You can ready Stuart's summary of our game(s) here so I won't rehash the details, but I will mention that I did manage to win the scenario when we swapped ends and played it the second time. I always lose LotR games, so I'm happy with that.

Neither of our attempts at the scenario matched the events of the book -- or even the film! -- but I must admit that I did game the system to scrape my win. I knew that Frodo had to escape for the hobbits to succeed, and I also knew that he and Sam had better game statistics than Ant and Dec Merry and Pippin, so it made sense to get Frodo on to the ferry as soon as possible and use Sam as a blocker, with the other two hobbits as support.

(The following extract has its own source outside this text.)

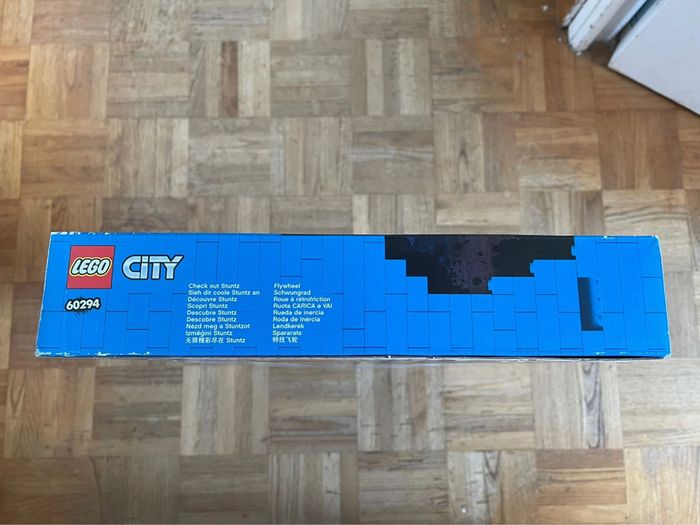 Boîte lego City 60294 Le camion de spectacle des Cascadeurs Neuve - photo numéro 9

The scenarios are set up so that something like the canon sequence of events occur, but I was concerned only with winning and to heck with the Professor's intended story! In "my" Lord of the Rings, Frodo and Merry-or-Pippin escaped, and Sam and Pippin-or-Merry were -- probably -- shanked to death by frustrated Nazgûl on the bank of the Brandywine. So sad. Please send flowers.

This of course got me thinking about how Frodo's story would unfold with two of his friends dead-by-ringwraith. Would he even get to Rivendell? Would he go to Mordor on his own? Would the Ring -- or Gollum -- destroy Frodo without Sam there to defend him?

(If it were up to me, dependable working class hero Sam would leave landowning toff Frodo to his death and scarper with the Ring, but there's only so far you can eat the rich twist the expected outcome.)

I surprised myself a bit with this pondering, as while I'm familiar with this sort of "what if?" thought experiment, I don't think I'd ever applied it to Tolkien before. Although some have.

Part of me would like to play this alternate timeline out and see where it goes. Perhaps that's a project for another day.